I saw your post earlier about looking for a local sawmill. Marty from Woodmizer is there with demonstration models. Just incase that interests you. After looking at the new LT15 Id love to upgrade.


----------



## A10egress (Jan 28, 2016)

Someday, I'd like to have a A-10 carved and mounted on a pedestal...(not to scale of course)  Thanks for the info, it should be a nice time and it looks like a lot of carvers signed up!


----------



## Timberframed (Jan 29, 2016)

See you guys there. I'm going to carve a bunch of cold ones.


----------



## carhartt (Jan 29, 2016)

That is half my reason for going up. I am loyal to my Straub's. I will be there on Thurs and Fri. Free sampling at the brewery for those that do not know. Anyone try the new restaurant in St Marys yet?


----------



## A10egress (Jan 29, 2016)

carhartt said:


> That is half my reason for going up. I am loyal to my Straub's. I will be there on Thurs and Fri. Free sampling at the brewery for those that do not know. Anyone try the new restaurant in St Marys yet?
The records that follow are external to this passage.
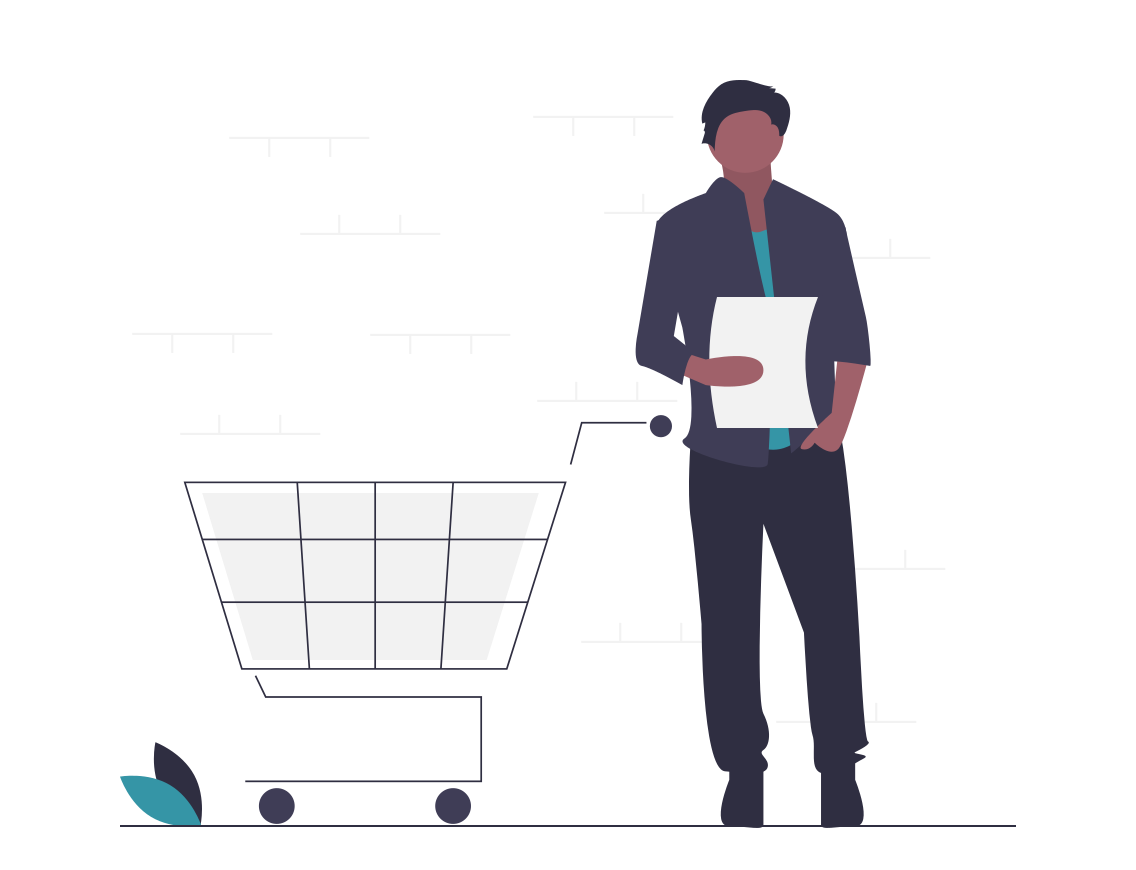 Best web development company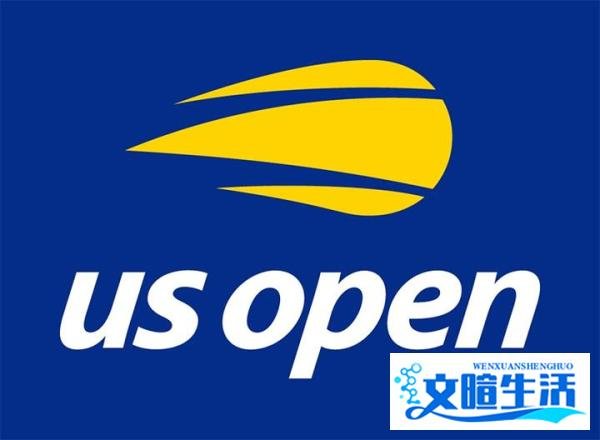 美网大幕今启，中国四将登场，日本前一哥退赛，美国前一哥将退役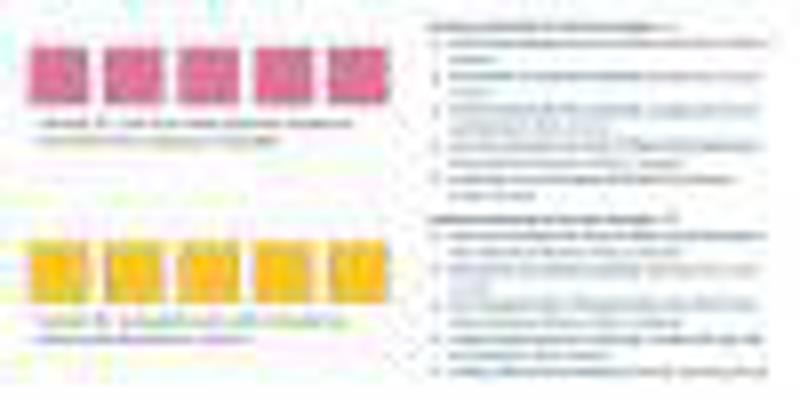 Stephen Downes image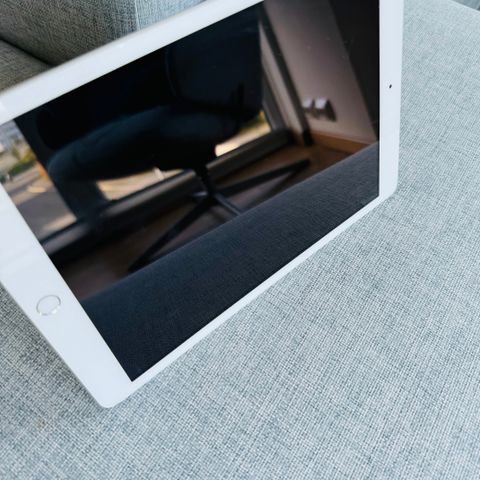 Ipad 10.2 7.edition (2019)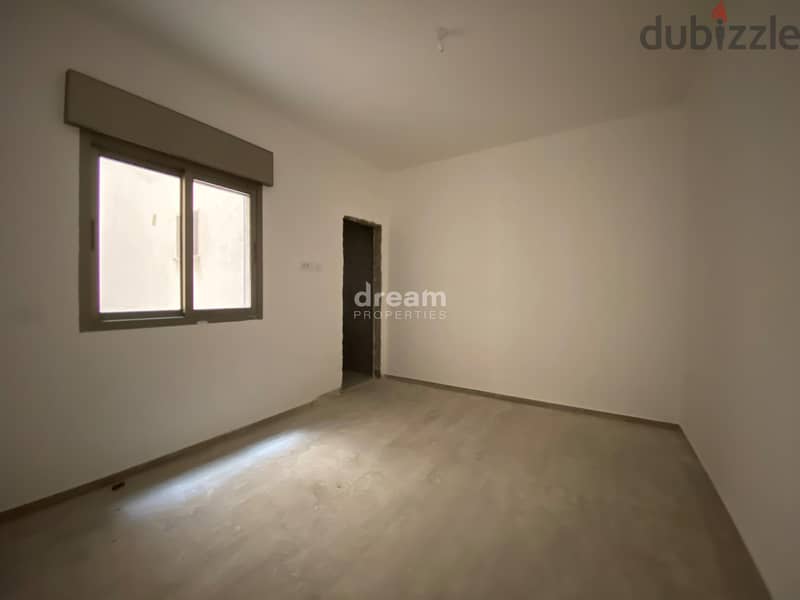 Apartment for Rent in Hazmieh New Mar Takla dpak1013 2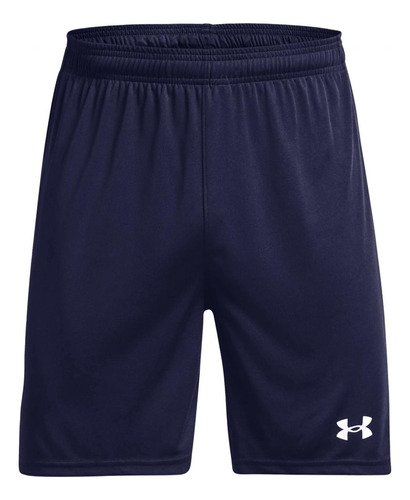 Short Under Armour Golazo 3.0 Para Hombre 1369058-410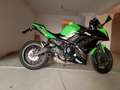 Kawasaki Ninja 650 Verde - thumbnail 6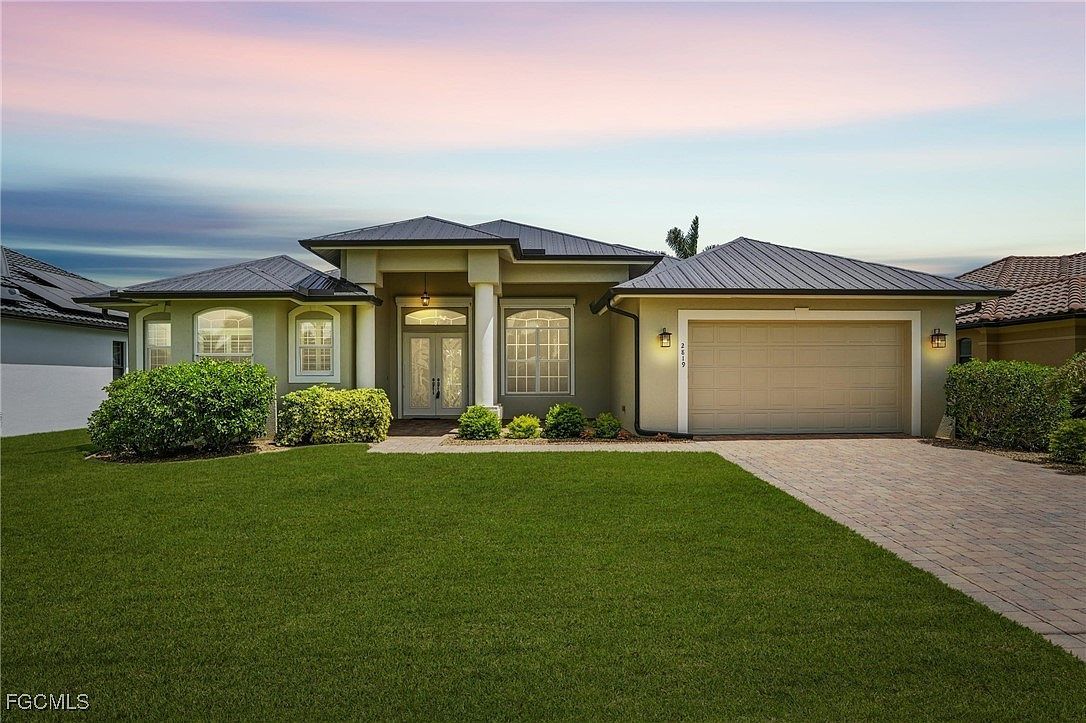 2819 SW 33rd St Cape Coral, FL 33914 - Thumbnail 2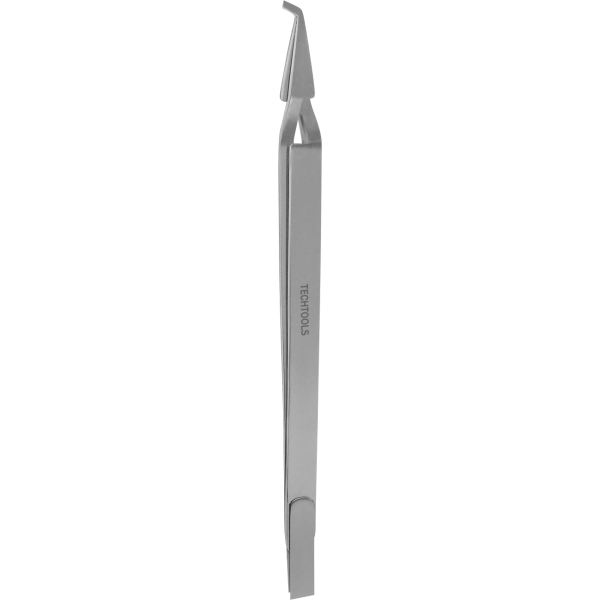 Tweezer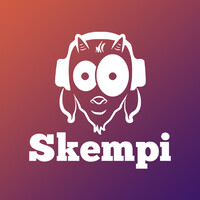 Skempi Logo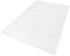Traumschloss Premium 100 leicht 200x200cm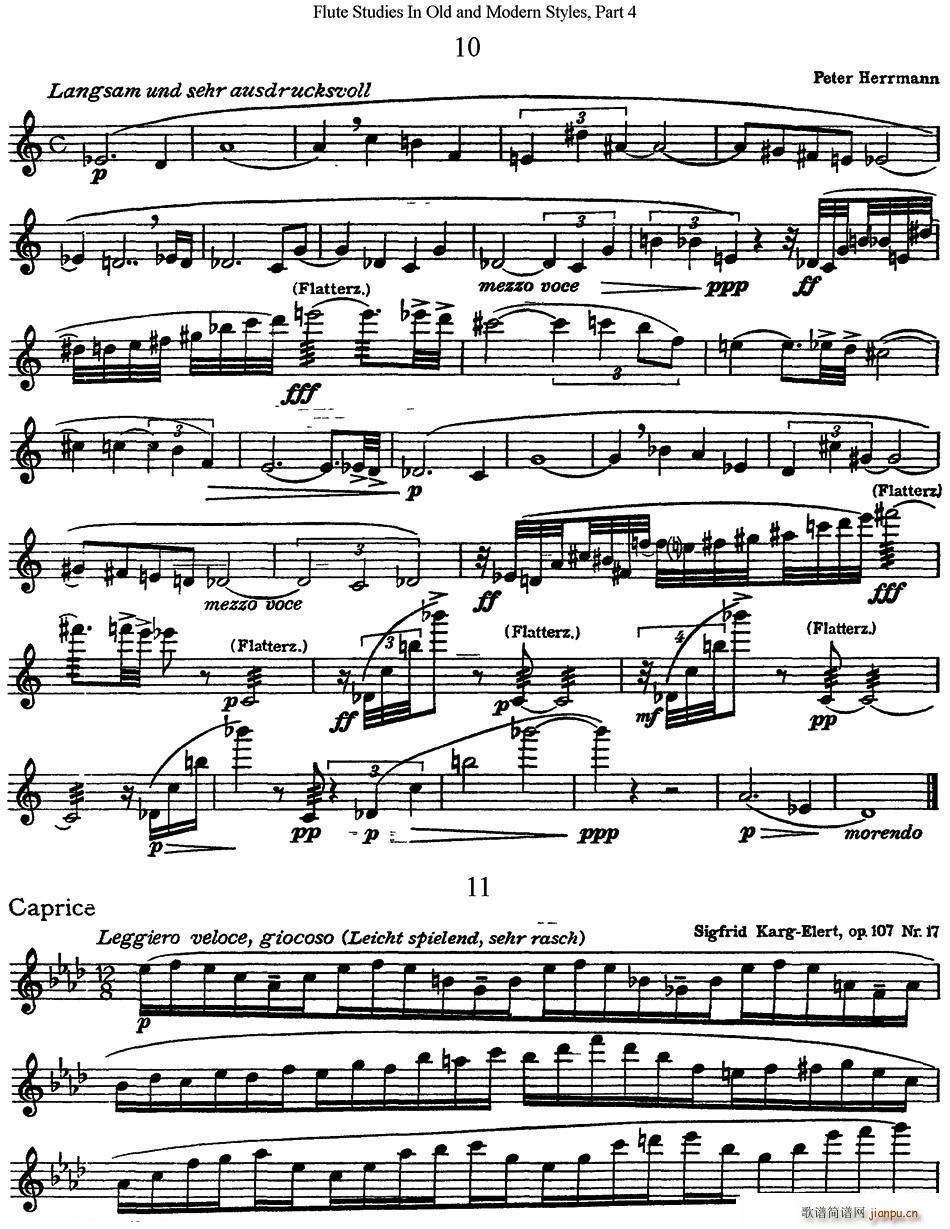 ˹�������L(f��ng)���L(ch��ng)�Ѿ��������� ���Ĳ��� NO 10 NO 11(�Ѻ��V)1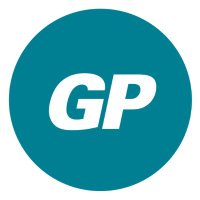 GamePro Germany (@gamepro_de) Twitter profile photo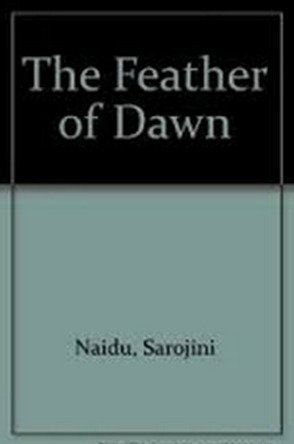 The Feather of the Dawn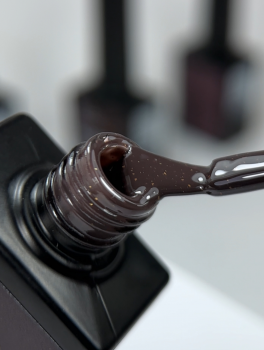 Lakier hybrydowy, Gel Polish #042 MATTERHORN (10ml), NOTD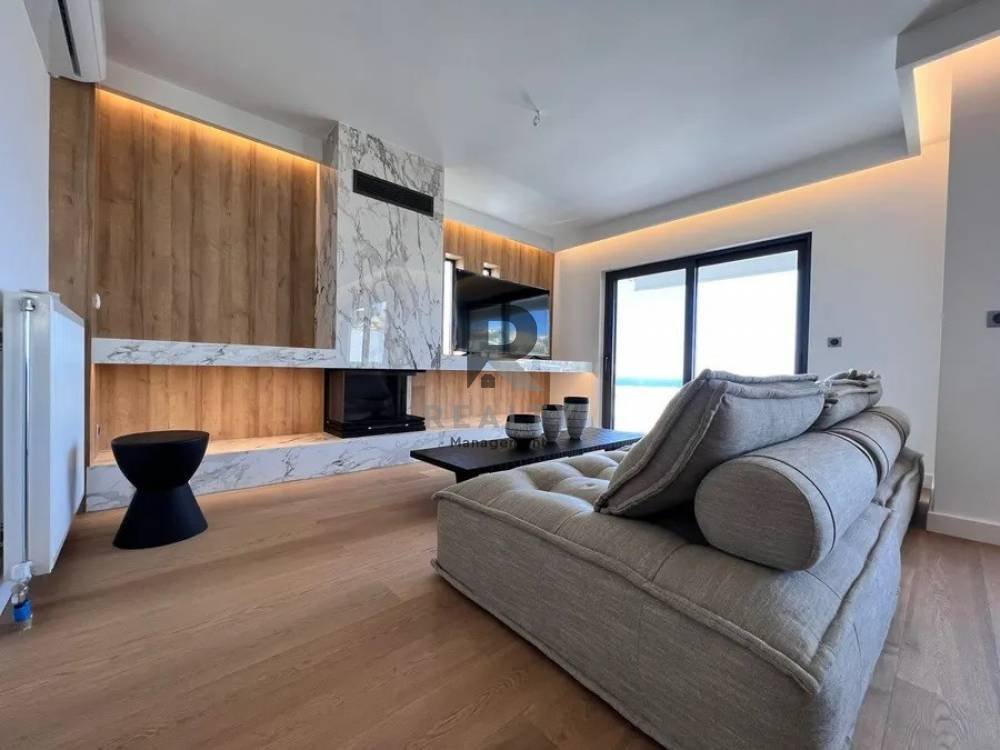 House in Voula, Attica, Greece 3 - 14764615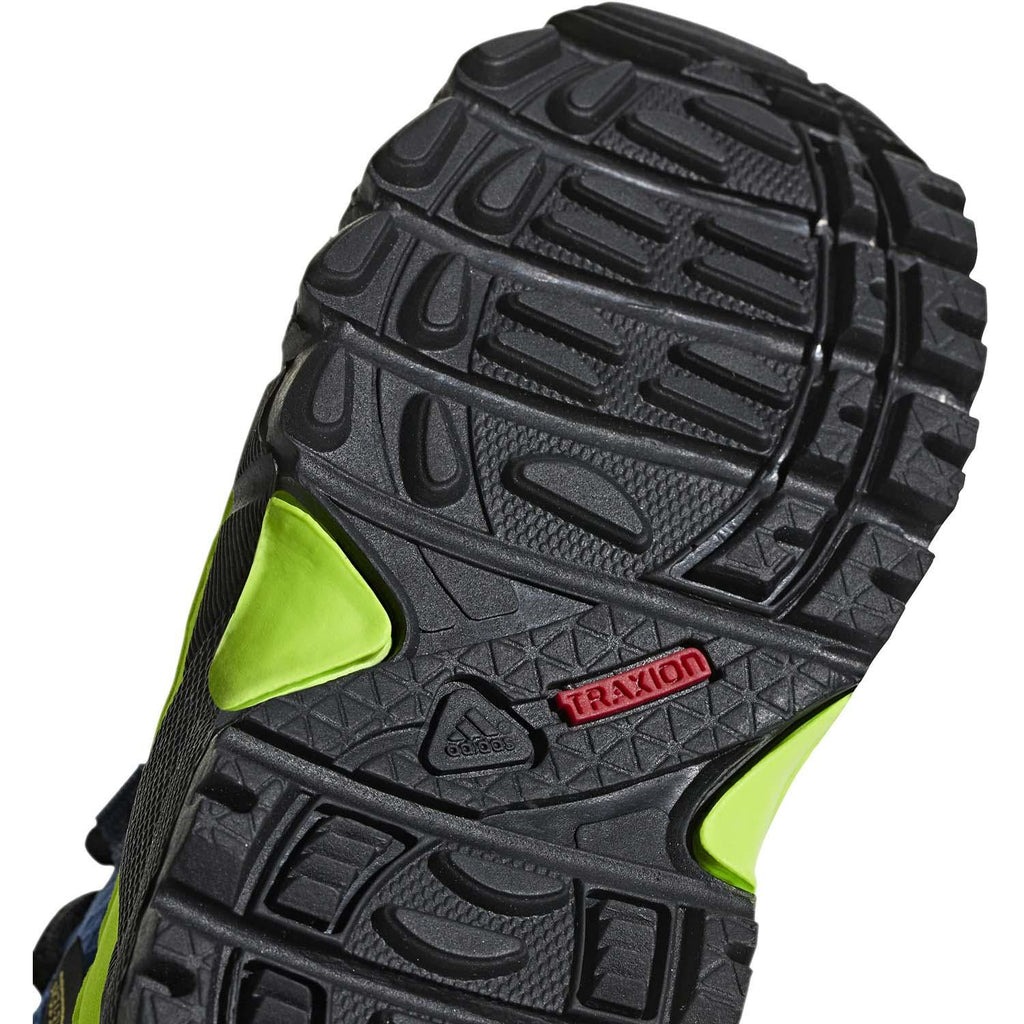 Terrex Mid GTX I. Trekkingschuh D-Gr.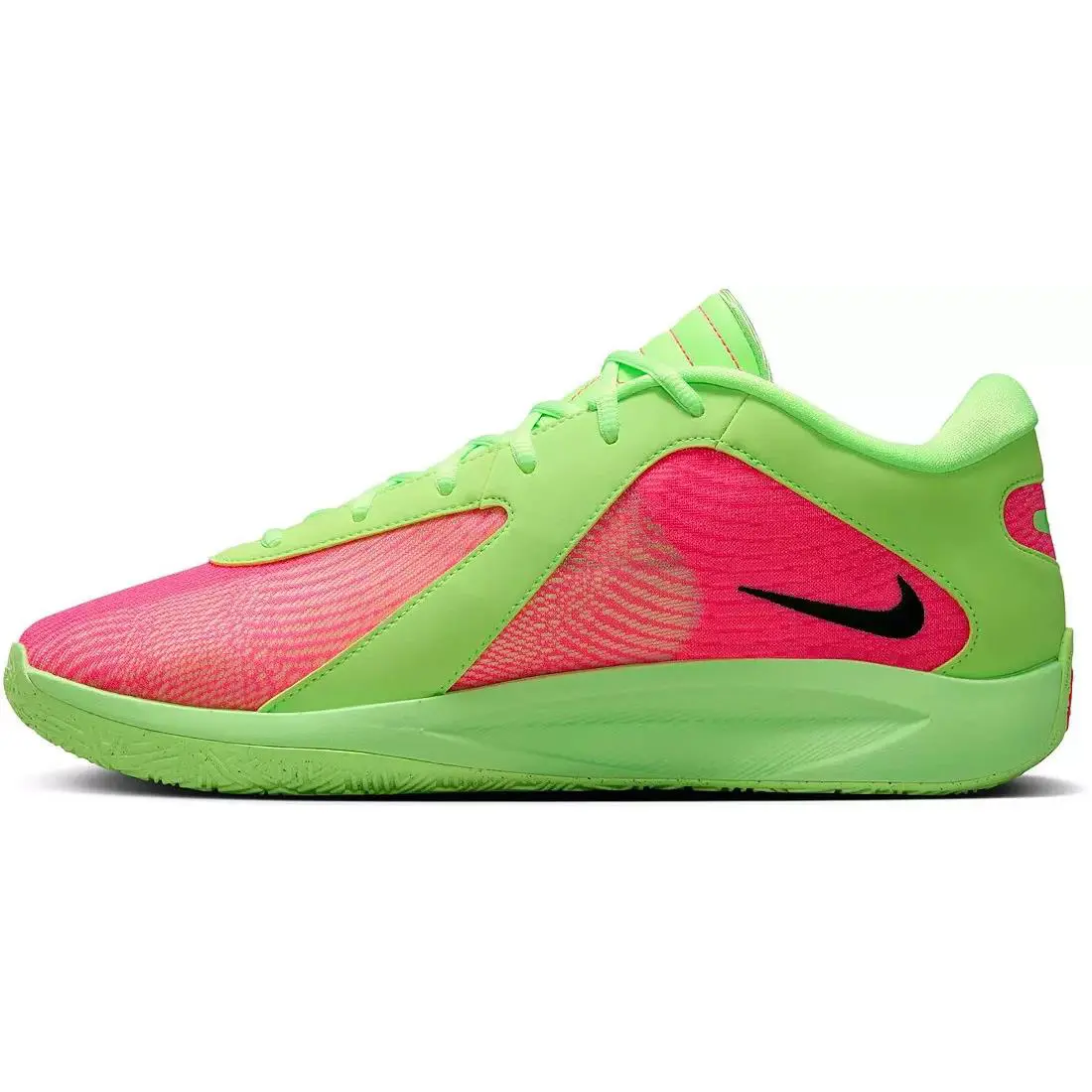 Nike shoes - HJ9109300 - HJ9109-300 - Green (UPC: 197862340860) 2
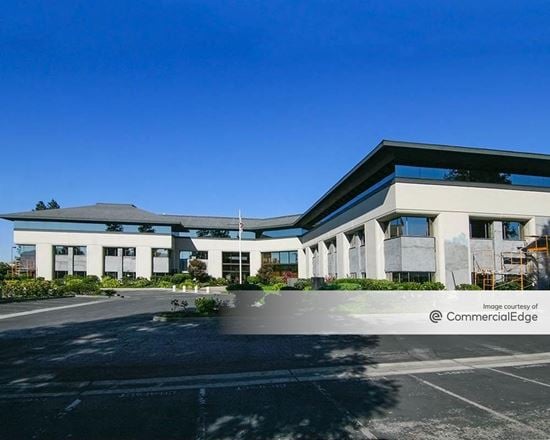 Peninsula Corporate Ctr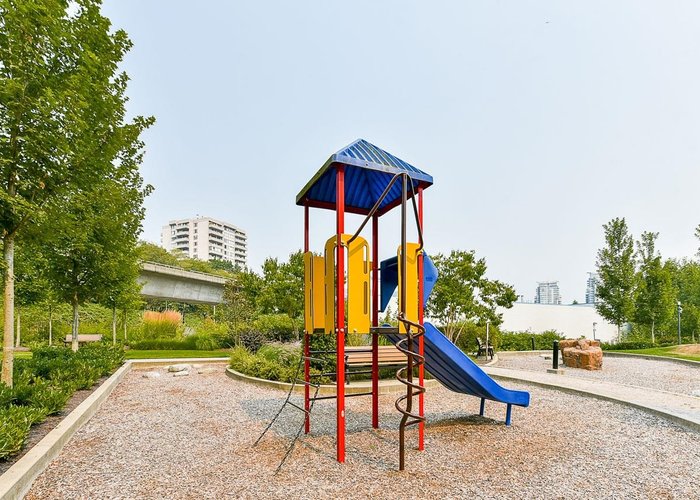 1705 - 2232 Douglas Road, Burnaby, BC V5C 0G9 |  Photo 47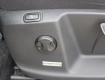 Volkswagen Golf Sportsvan 1,0TSi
what new Restaurant? always up for trying something new! The little place at the airport looks interesting, but never been there


----------



## Timberframed (Jan 29, 2016)

I might venture whippin' up a 5 gl pot of chile on a 426d tailgate like. Carhartt, that avatar just busted my boys up! some guys are easy to please.


----------



## carhartt (Jan 29, 2016)

Just opened/reopened up this summer I believe. Italian if I am not mistaken. I will have to do some research before I head up. Gunners and Bennezette Hotel are good food stops. Good chance you will see and elk on the way to the hotel.


----------



## A10egress (Jan 29, 2016)

mmmmm chili..... warms ya twice.


----------



## Timberframed (Jan 29, 2016)

There's the Weedville Hotel as well owned and operated by a friend of mine. On 555. I'm sure he has Straub on tap.


----------



## carhartt (Jan 29, 2016)

We stay with friends just outside of Weedville on Greys Hill and never ended up at the Hotel. Never knew of the Hotel. Tried the Big Trout I believe is the name once.
I try to be as bad as I can and still never get a ton of coal/wood for Christmas. So I felt the avatar was fitting.


----------



## A10egress (Jan 29, 2016)

Swing by the Sinnamahoning tavern and get a block of the smoked cooper cheese


----------



## carhartt (Feb 1, 2016)

I make my own smoked cooper. Do you mean the Willows? Not sure where the tavern is? I always get some cheddar off the block at Wharton.


----------



## A10egress (Feb 1, 2016)

The Sinnemahoning tavern is right in town of Sinnemahoning... on the left side if you leave the Willows heading west. They also sell the cheddar that the Wharton has. LOL, Nice to chat with people who know the same area. When I mention Sinnamahoning around here, most people say "sinna-ma who?"


----------



## carhartt (Feb 2, 2016)

After a short conversation, I figured out what the Tavern is. The brown t111 siding that normally has the welcome hunters sign out front. How much do they charge for the smoked coopers? Ive spent some time up that way yrs passed but don't get up as much as I'd like anymore. Almost a 3 hr drive for me. 178 miles to the brewery from my door.


----------



## Timberframed (Feb 2, 2016)

Guys, Is this rendezvous going to turn into some kinda' North PA bar/cheddar cheese tour as the college kids call it? If so I'll bring plenty of crackers. Anyone been to that cock eyed cricket joint over in Austin? Or the old tannery saloon. They got cooper there too.


----------



## carhartt (Feb 2, 2016)




----------



## carhartt (Feb 2, 2016)




----------



## A10egress (Feb 2, 2016)

WOW...


----------



## A10egress (Feb 2, 2016)

Timberframed said:


> Guys, Is this rendezvous going to turn into some kinda' North PA bar/cheddar cheese tour as the college kids call it? If so I'll bring plenty of crackers. Anyone been to that cock eyed cricket joint over in Austin? Or the old tannery saloon. They got cooper there too.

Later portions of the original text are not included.